Fractional Hilbert transform extensions and associated analytic signal construction

•We propose a generalized construction of the analytic signal (AS) using the fractional Hilbert transform (FrHT).•We propose a functional generalization of the FrHT called the generalized-phase HT (GPHT), using which shares many properties of the FrHT.•Using the GPHT we construct a further generalization of the AS called the generalized-phase analytic signal (GPAS).•We also investigate the duality between analyticity and causality to arrive at representation of causal signal in terms of FrHT/GPHT.•We develop a secure multi-key single-sideband modulation scheme and analyze its performance in noise and sensitivity to security-key perturbations.

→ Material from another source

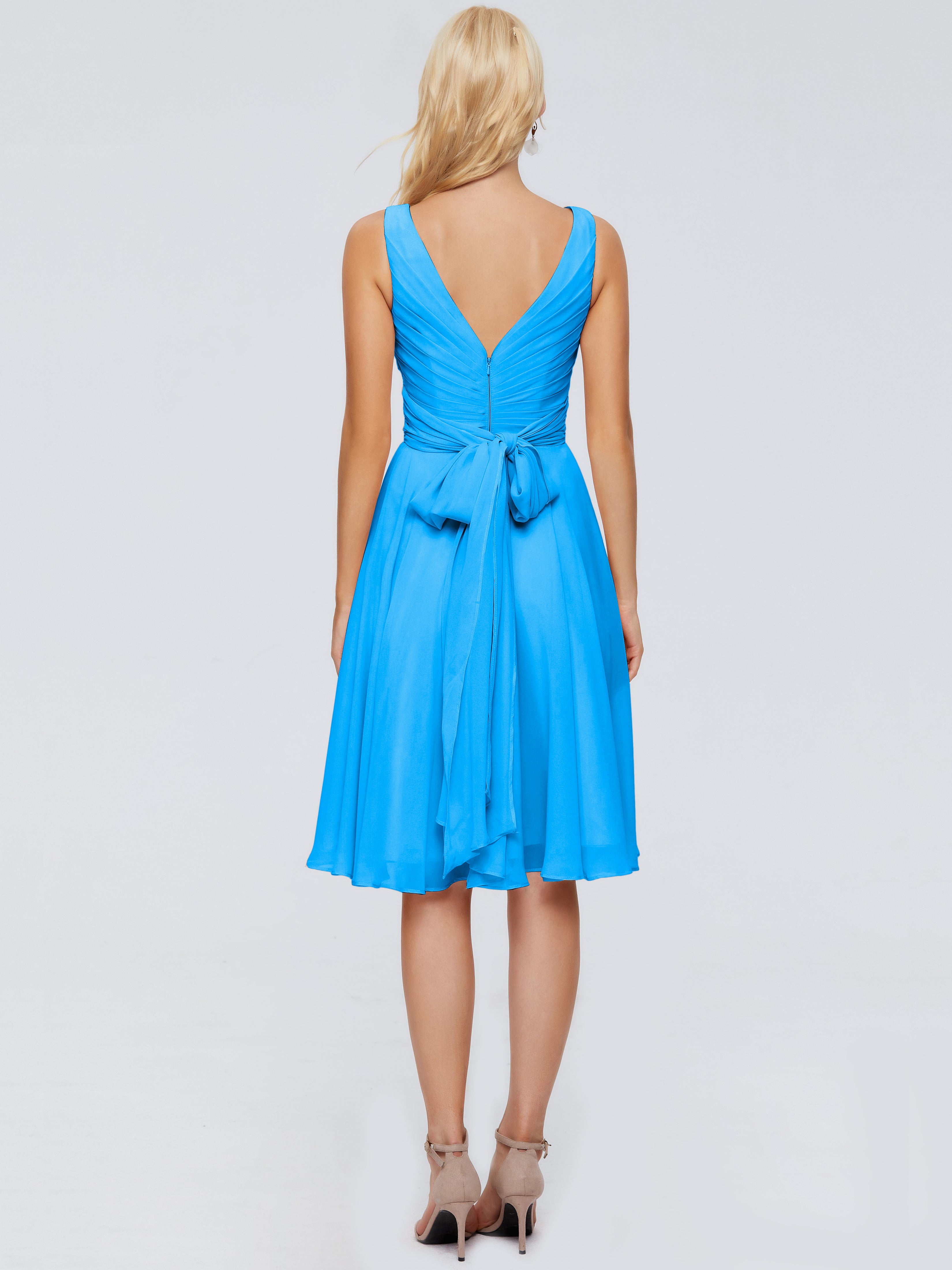Robes De Demoiselle D'Honneur Bleu Océan Col V Longueur Genou Mousseline Robes Demoiselle D'Honneur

The analytic signal (AS) was proposed by Gabor as a complex signal corresponding to a given real signal. The AS has a one-sided spectrum and gives rise to meaningful spectral averages. The Hilbert transform (HT) is a key component in Gabor's AS construction. We generalize the construction methodology by employing the fractional Hilbert transform (FrHT), without going through the standard fractional Fourier transform (FrFT) route. We discuss some properties of the fractional Hilbert operator and show how decomposition of the operator in terms of the identity and the standard Hilbert operators enables the construction of a family of analytic signals. We show that these analytic signals also satisfy Bedrosian-type properties and that their time–frequency localization properties are unaltered. We also propose a generalized-phase AS (GPAS) using a generalized-phase Hilbert transform (GPHT). We show that the GPHT shares many properties of the FrHT, in particular, selective highlighting of singularities, and a connection with Lie groups. We also investigate the duality between analyticity and causality concepts to arrive at a representation of causal signals in terms of the FrHT and GPHT. On the application front, we develop a secure multi-key single-sideband (SSB) modulation scheme and analyze its performance in noise and sensitivity to security key perturbations.